VPM: Spanberger Proposes Carbon Trading Program for Farmers
VPM, PATRICK LARSEN
On Friday, Rep. Abigail Spanberger (D-Glen Allen) proposed the Growing Climate Solutions Act. The bipartisan legislation aims to help farmers and foresters get involved in carbon trading, the practice of buying and selling permits – or credits – to emit carbon dioxide. Those credits are intended to reduce the amount of greenhouse gases in the atmosphere with market-based incentives.
Spanberger’s bill, cosponsored by Rep.
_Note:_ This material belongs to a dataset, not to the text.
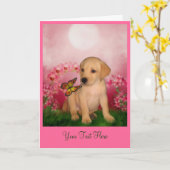 Gelbe Labrador Welpen Hund Art Foto-Karte Karte (Gelbe Blume)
Don Bacon (R-Nebraska), would direct the USDA to create guidelines and verify third-party groups to assist farmers entering the carbon market.
Spanberger says that climate friendly farming and forestry practices are already well known.
“Good forest management practices also ensure that our forests are able to pull that CO2 and emit back out oxygen into our environment,” she said.
However, many farmers don’t know how to take advantage of the carbon marketplace.
“This bill gets at the heart of that and provides – creates a role for farmers and producers,” she said.
Ben Rowe, national affairs coordinator at the Virginia Farm Bureau, says the bill would greatly simplify things for farmers and foresters – who now face a complicated carbon marketplace.
“Putting this under one agency that already has experience working with farmers gives them the certainty they need,” Rowe said.
He says making this revenue stream more accessible would give a boost to farmers who embrace environmental practices – that’s an especially powerful incentive due to big losses from COVID-19.
Spanberger says that the bill would be another step closer to carbon neutrality.